In this sense, the state media launched an attack on H&M, while the Government criticized the new sanctions imposed by the United States, the European Union, the United Kingdom and Canada for human rights abuses in Xinjiang.
On Wednesday, the search term “H&M” generated zero results no Taobao, o site most popular shopping mall in China. Questioned by VICE, the website’s parent company, Alibaba, did not respond to a request for comment.
Also H&M ambassadors in China, celebrities Huang Xuan and Victoria Song, issued statements saying that they had stopped collaborating with the brand. The statements of the Chinese stars state that they are against acts aimed at defaming China.

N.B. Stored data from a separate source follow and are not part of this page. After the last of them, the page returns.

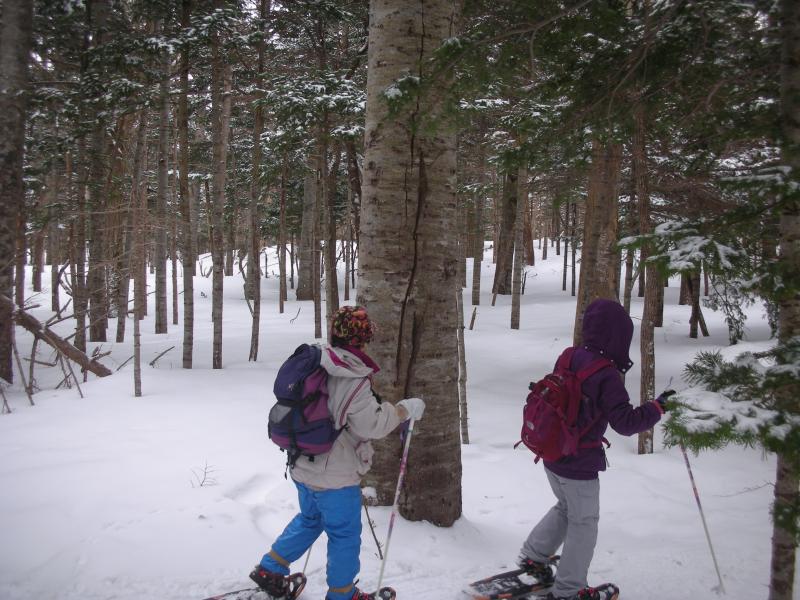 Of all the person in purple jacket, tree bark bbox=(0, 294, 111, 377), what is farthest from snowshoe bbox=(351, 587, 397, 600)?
tree bark bbox=(0, 294, 111, 377)

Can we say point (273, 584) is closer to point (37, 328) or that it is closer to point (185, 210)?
point (37, 328)

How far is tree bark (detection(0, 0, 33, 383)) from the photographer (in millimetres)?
8719

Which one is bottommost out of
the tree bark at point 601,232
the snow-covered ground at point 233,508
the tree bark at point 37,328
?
the snow-covered ground at point 233,508

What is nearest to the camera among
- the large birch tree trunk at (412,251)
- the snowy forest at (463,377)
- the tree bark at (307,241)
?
the snowy forest at (463,377)

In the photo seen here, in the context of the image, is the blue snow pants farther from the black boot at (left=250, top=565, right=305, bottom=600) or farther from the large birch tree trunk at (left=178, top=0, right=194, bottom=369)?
the large birch tree trunk at (left=178, top=0, right=194, bottom=369)

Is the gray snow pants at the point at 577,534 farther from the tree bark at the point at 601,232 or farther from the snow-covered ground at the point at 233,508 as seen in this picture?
the tree bark at the point at 601,232

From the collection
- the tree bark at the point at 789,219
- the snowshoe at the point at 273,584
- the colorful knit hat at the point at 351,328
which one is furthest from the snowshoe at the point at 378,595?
the tree bark at the point at 789,219

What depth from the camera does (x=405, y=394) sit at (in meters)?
4.10

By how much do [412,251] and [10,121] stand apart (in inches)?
344

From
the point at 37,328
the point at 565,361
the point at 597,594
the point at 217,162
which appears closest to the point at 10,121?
the point at 217,162

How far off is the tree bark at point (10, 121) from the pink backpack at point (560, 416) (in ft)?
30.3

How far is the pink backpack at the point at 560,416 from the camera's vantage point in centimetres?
305

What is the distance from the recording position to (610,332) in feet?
10.2

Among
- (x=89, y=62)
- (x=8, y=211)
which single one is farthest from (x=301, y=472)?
(x=89, y=62)
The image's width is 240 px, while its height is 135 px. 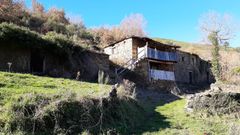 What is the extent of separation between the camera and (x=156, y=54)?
3269cm

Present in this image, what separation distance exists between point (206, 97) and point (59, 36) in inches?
486

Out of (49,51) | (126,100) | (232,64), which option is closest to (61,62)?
(49,51)

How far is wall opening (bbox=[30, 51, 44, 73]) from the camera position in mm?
23891

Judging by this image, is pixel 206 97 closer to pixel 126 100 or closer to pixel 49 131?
pixel 126 100

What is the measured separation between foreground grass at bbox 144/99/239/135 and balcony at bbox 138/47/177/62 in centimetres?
1264

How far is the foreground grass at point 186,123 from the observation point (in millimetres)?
13344

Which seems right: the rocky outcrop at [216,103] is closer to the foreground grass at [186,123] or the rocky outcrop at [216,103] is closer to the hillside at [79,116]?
the foreground grass at [186,123]

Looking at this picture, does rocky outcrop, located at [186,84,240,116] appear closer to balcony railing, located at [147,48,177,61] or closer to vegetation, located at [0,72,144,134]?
vegetation, located at [0,72,144,134]

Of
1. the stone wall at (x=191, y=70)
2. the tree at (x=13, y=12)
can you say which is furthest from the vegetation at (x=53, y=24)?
the stone wall at (x=191, y=70)

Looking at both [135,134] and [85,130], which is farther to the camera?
[135,134]

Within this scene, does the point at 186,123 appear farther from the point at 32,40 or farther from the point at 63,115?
the point at 32,40

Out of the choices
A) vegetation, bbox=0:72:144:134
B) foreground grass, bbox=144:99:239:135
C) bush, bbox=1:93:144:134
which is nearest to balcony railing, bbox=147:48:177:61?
foreground grass, bbox=144:99:239:135

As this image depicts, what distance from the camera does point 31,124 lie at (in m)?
10.5

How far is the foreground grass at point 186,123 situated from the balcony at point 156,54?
12640 millimetres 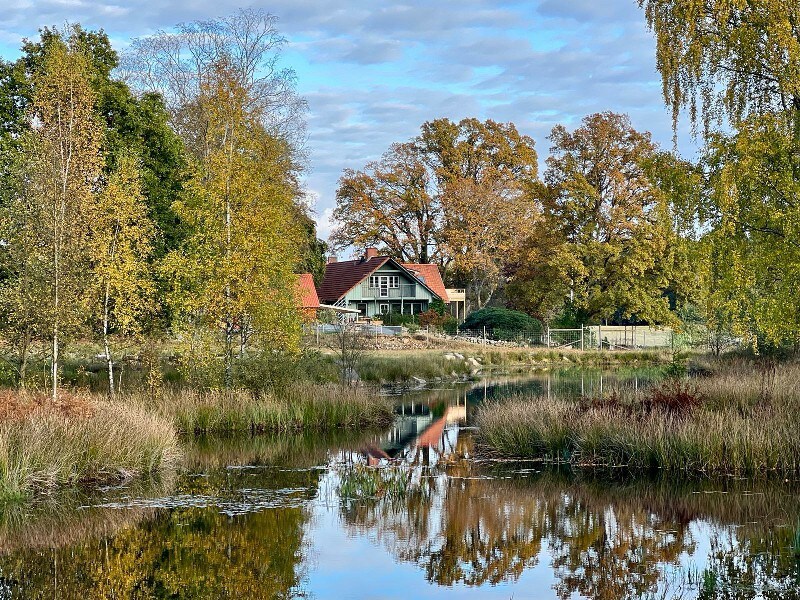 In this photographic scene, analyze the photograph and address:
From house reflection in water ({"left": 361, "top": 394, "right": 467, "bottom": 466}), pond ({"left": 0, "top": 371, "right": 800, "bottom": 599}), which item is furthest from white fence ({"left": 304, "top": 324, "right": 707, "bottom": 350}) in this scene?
pond ({"left": 0, "top": 371, "right": 800, "bottom": 599})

In parallel, some internet users have also called for a boycott to other brands that have pledged to avoid using Xinjiang cotton, such as Uniqlo, Nike and Gap.
In an increasingly globalized world, and where the large chains of fast fashion have a large part of their production in the country, the state-supported boycott decisions are putting the companies between the sword and the wall and brands will have to choose one side: either continue with business in China, or meet ethical requirements.
For example, the Chinese sportswear company Anta Sports has already taken a stand. The brand announced on Weibo that it would leave the Better Cotton Initiative (BCI) – a non-profit group that provides sustainability credentials to companies – and that would remain with its activity in the country. “We always buy and use cotton from Chinese production regions, including Xinjiang cotton,” said the company.
Until now, H&M did not comment about the subject.
According to some local media, more than half a million people from ethnic minority groups in the Xinjiang region of China are being forced to work harvesting cotton. The scale of forced labor is much larger than that initially envisaged.
This type of work is part of the “poverty alleviation” program carried out by the Chinese government, which has prompted several sanctions by the West against the Asian country.
Beijing claims that it only created “vocational practice centers” in Xinjiang, which educated ethnic minorities and freed them from poverty, considering the allegations of abuse were made by anti-China politicians and academics.